The draft is obviously the start of a story. There’s tension, character insights, details about the environment and the world John inhabits.
But those are the obvious differences when going from outline to draft. I also don’t hold myself rigidly to the outline. I have to be adaptable and flexible to go with the flow if the momentum of the story (and yes, stories do have a momentum of their own) heads off on a tangent, or different direction than where I thought it was going.
So what else is different?
For one, there’s a discussion with the governor mentioned in the outline that never occurs in the draft. There just didn’t seem to be a need for it when I got to writing, and trying to shoehorn in a character who would never been seen again wasn’t a good idea, so it got jettisoned.
Lavernius Jackson, the ICE agent who first takes on the demon, gets fleshed out. In the outline, I don’t think I had ever planned for us to “see” the character of the agent who almost got possessed. He was going to be mentioned, but not on stage. But as I was writing, I realized that to increase the stakes — to make the danger seem more real to John — we had to hear in more detail what happened to the first guy who battled the demon. Hence the need for Lavernius to have a name, physical description, a slight bit of background, and some dialog.
The other change you’ll notice is that the chapter doesn’t end in the draft where it does in the outline. That happens with me a lot. What seems like a good place for a chapter break in the outline doesn’t work at all when I get down to writing. As I said, I have to follow the momentum of the story.

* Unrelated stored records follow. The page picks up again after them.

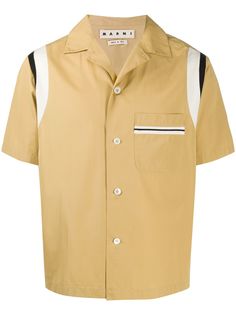 Marni рубашка с контрастной отделкой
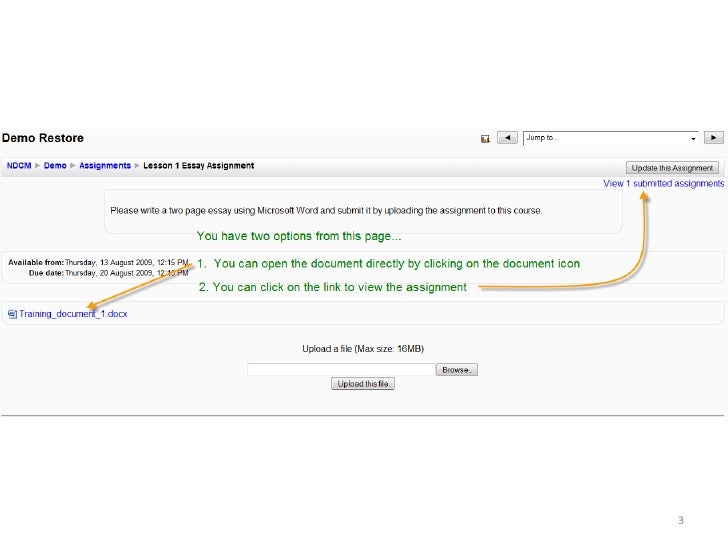 Moodle grading assignments image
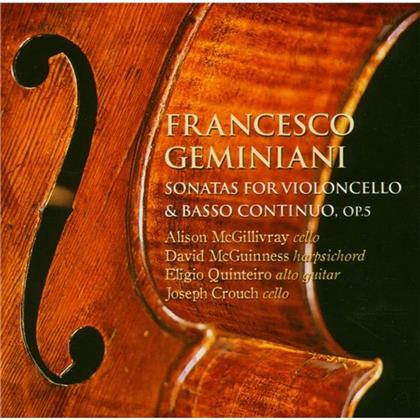 Alison McGillivray (Cello) & Francesco Geminiani (1687-1762) - Prelude, Sonate Fuer Cello & B (SACD)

I’ve written up to chapter eleven in the outline, but in the draft I’m on chapter seventeen, so you see what I mean when I say this happens a lot. Chapter breaks are hard to figure out in advance, so they’re usually the change I make most often.
The details are the fun part to write when I get to the draft. I get to fill in all the blanks — how people look, where they live, how magic and demons function in this world, snappy dialog. That, to me, is where the real joy is, and getting lots of the plot mechanics worked out ahead of time allows me to really focus on those things as I write.
As I said, this works for me, but for other writers this method is a step below DEATH. They would hate to know so much detail in advance. But that’s why we’re all different, and have different stories to tell.